• Work item
Although the entries hold pictures, only their words are printed back, exactly as given.
(Beginning of Data provided)
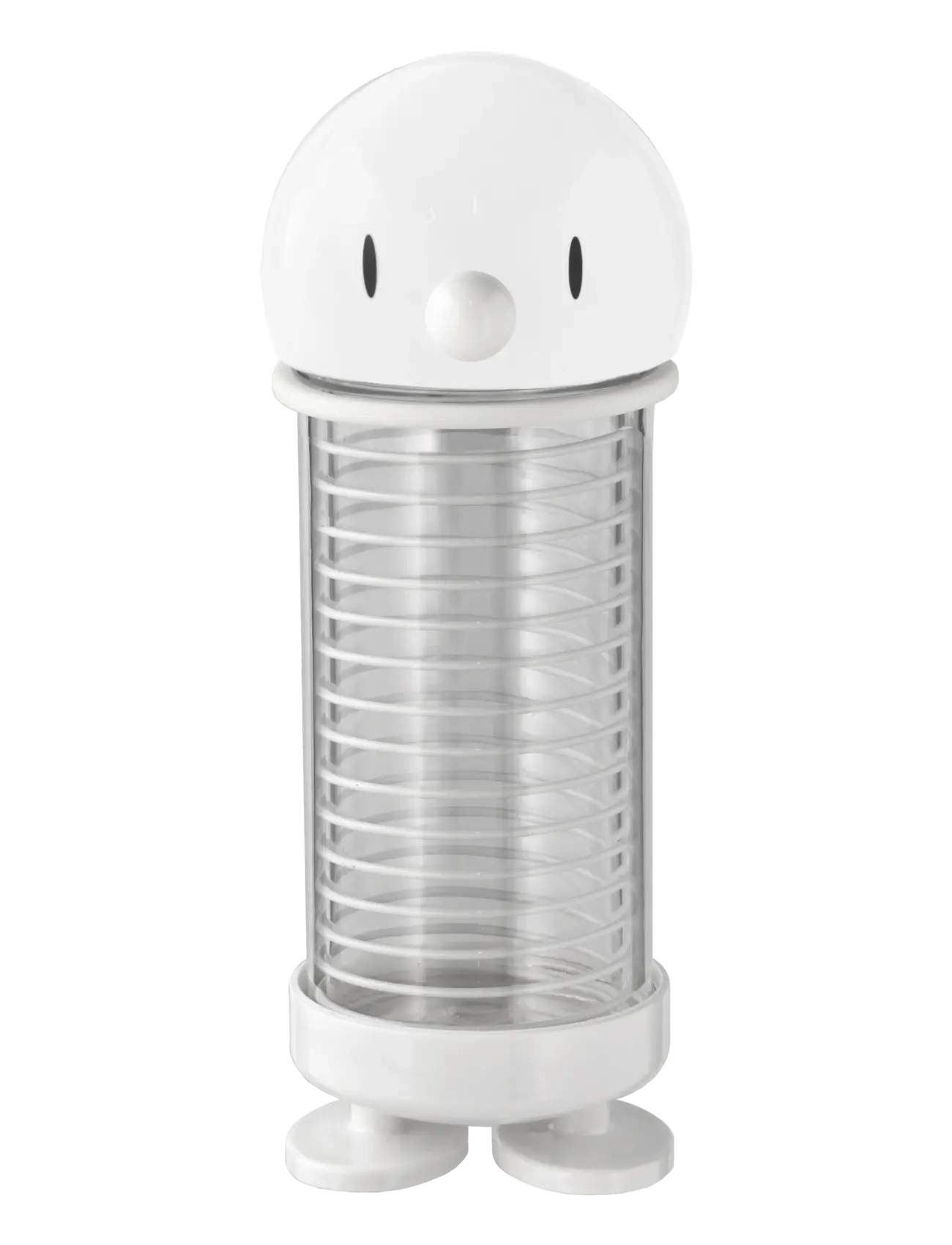 Hoptimist - Drinking bottle Bumble 0.4 liter White - termosed ja veepudelid - vit - 2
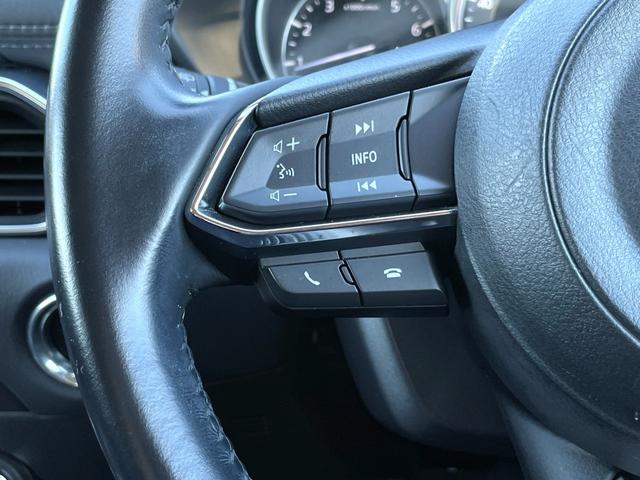 ＣＸ－５ ２０Ｓ　プロアクティブ　★禁煙車★純正ナビ★フルセグＴＶ★衝突軽減システム★全周囲モニター★オートクルーズコントロール★ＥＴＣ★ドラレコ★ＬＥＤ★ＢＳＭ★ＨＵＤ★パワーリストゲート★Ｂｌｕｅｔｏｏｔｈ★ＵＳＢ★車検整備付★（17枚目）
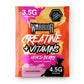 Warrior Creatine Plus Vitamins – Sachet Pack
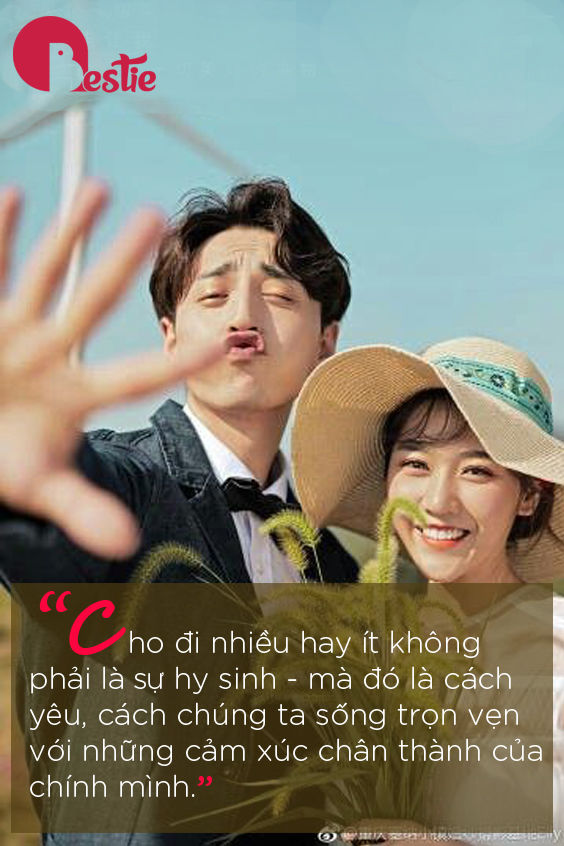 Thực ra trong tình yêu, ai yêu nhiều hơn người đó thua
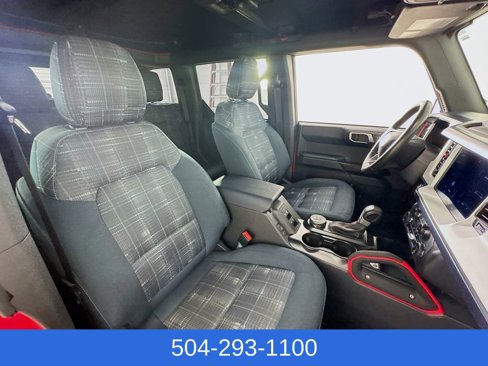 Used 2024 Ford Bronco Heritage Edition image 28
(End of Data provided)
• Answer box
 Hoptimist - Drinking bottle Bumble 0.4 liter White - termosed ja veepudelid - vit - 2
 ＣＸ－５ ２０Ｓ　プロアクティブ　★禁煙車★純正ナビ★フルセグＴＶ★衝突軽減システム★全周囲モニター★オートクルーズコントロール★ＥＴＣ★ドラレコ★ＬＥＤ★ＢＳＭ★ＨＵＤ★パワーリストゲート★Ｂｌｕｅｔｏｏｔｈ★ＵＳＢ★車検整備付★（17枚目）
 Warrior Creatine Plus Vitamins – Sachet Pack
 Thực ra trong tình yêu, ai yêu nhiều hơn người đó thua
 Used 2024 Ford Bronco Heritage Edition image 28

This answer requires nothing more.